§ **Work request**
Your task is to copy the lines of the data below from the line holding "Recording Thumbnail" through the line holding "Toptul GCAI0201 цена, от 82.69 USD", inclusive, exactly and with nothing added.
□ □ □ □
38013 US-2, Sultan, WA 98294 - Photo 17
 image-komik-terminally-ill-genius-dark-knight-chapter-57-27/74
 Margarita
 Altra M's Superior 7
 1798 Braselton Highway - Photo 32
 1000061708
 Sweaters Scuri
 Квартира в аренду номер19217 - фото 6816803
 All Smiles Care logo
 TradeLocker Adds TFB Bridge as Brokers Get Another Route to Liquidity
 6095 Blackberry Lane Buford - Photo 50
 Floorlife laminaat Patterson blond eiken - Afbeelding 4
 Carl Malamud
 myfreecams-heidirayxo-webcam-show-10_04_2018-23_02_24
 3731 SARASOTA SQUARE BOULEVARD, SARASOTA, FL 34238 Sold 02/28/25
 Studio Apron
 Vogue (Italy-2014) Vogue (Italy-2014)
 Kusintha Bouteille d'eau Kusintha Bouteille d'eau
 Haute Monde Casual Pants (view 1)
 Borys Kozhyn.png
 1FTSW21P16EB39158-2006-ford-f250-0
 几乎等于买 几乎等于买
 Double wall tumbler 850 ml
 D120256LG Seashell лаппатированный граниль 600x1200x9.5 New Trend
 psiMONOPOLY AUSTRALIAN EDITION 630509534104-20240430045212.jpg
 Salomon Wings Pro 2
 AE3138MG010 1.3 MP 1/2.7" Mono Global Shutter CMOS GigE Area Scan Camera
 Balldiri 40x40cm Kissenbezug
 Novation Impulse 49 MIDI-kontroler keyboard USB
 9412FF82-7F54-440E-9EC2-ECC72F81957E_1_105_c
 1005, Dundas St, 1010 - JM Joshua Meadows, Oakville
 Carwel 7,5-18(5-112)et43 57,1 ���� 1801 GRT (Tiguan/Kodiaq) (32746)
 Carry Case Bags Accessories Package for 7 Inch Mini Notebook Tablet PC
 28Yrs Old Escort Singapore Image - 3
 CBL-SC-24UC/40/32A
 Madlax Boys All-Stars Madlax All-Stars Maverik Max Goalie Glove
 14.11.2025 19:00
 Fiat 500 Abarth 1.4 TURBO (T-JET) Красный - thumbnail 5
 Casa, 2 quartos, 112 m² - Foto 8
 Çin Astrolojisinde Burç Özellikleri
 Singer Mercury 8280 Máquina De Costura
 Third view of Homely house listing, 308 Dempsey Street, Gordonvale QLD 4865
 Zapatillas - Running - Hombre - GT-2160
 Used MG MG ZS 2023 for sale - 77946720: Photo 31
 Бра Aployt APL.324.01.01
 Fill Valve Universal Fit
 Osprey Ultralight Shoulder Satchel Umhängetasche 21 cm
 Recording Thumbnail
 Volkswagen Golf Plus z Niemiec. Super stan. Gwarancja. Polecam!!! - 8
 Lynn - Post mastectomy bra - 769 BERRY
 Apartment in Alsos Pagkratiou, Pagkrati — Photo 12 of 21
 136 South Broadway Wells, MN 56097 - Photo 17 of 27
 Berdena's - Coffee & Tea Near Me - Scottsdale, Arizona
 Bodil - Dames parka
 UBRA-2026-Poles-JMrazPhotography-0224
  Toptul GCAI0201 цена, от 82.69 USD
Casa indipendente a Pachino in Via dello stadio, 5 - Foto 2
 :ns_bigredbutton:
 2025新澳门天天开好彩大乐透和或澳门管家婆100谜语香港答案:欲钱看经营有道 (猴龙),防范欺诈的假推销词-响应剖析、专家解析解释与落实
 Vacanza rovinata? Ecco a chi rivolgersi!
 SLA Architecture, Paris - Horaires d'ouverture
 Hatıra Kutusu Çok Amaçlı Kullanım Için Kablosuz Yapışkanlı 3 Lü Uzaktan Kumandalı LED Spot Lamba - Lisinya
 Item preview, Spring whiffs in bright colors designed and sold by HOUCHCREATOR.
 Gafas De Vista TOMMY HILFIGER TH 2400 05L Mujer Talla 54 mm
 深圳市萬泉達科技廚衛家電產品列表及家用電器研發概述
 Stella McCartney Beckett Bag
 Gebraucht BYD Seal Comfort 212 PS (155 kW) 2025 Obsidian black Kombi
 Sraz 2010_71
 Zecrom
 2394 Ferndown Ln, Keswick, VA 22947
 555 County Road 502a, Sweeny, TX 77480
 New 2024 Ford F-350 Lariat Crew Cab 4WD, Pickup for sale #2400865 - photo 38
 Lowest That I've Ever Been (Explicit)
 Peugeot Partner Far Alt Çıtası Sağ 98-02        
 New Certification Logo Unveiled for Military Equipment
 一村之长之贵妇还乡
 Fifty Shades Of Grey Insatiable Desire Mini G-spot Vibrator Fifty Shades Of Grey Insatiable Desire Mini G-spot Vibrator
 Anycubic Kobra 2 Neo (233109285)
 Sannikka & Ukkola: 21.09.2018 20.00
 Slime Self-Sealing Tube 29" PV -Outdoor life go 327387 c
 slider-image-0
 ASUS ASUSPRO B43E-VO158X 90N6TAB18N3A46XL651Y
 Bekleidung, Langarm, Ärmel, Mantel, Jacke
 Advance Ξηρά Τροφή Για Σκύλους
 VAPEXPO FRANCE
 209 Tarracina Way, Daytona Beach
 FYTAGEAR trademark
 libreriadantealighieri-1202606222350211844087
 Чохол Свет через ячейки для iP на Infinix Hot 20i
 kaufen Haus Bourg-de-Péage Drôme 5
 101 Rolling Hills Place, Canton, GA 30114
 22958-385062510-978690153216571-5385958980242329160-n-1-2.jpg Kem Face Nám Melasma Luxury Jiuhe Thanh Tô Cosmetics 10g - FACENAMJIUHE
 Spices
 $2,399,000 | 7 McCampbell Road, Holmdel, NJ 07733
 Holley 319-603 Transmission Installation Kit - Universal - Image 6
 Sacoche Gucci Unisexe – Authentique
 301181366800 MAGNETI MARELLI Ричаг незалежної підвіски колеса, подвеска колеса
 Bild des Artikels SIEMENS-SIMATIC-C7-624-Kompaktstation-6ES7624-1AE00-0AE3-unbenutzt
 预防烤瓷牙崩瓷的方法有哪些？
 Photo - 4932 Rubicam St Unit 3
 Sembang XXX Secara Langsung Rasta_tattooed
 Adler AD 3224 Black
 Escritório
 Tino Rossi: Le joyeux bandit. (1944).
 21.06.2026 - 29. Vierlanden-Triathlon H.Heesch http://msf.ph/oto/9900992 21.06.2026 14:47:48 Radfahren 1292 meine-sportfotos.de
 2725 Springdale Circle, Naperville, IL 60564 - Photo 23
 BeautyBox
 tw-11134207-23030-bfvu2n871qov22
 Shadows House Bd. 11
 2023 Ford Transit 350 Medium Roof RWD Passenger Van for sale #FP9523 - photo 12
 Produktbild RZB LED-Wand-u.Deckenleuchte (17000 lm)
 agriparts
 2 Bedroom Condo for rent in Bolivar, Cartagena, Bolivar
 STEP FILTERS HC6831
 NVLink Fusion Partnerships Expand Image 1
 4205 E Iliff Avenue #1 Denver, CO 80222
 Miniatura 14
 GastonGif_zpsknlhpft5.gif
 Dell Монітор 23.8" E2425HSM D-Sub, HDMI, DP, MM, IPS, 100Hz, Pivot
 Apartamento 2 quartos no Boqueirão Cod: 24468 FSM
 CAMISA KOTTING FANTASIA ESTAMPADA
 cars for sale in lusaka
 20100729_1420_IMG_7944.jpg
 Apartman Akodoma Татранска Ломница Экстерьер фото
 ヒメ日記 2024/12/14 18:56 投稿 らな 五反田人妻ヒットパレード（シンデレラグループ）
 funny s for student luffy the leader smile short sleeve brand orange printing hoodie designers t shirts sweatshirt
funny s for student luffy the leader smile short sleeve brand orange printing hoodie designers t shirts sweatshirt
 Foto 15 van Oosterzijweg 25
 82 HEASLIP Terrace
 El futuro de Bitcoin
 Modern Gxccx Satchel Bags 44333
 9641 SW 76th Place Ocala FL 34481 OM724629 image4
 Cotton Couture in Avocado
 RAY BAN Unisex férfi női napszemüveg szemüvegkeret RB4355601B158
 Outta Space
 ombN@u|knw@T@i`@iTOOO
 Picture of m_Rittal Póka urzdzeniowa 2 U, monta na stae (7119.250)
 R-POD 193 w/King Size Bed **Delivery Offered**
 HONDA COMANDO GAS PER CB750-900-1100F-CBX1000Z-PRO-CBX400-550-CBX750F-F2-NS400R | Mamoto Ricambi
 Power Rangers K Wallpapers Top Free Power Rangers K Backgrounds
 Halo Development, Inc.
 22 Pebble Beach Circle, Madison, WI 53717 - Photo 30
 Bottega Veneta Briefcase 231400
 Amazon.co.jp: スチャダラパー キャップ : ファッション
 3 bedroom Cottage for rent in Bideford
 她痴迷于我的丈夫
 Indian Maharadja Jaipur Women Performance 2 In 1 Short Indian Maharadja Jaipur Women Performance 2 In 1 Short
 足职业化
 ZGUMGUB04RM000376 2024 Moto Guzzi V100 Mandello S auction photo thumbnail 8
□ □ □ □
§ **Output of the exercise**
 Recording Thumbnail
 Volkswagen Golf Plus z Niemiec. Super stan. Gwarancja. Polecam!!! - 8
 Lynn - Post mastectomy bra - 769 BERRY
 Apartment in Alsos Pagkratiou, Pagkrati — Photo 12 of 21
 136 South Broadway Wells, MN 56097 - Photo 17 of 27
 Berdena's - Coffee & Tea Near Me - Scottsdale, Arizona
 Bodil - Dames parka
 UBRA-2026-Poles-JMrazPhotography-0224
  Toptul GCAI0201 цена, от 82.69 USD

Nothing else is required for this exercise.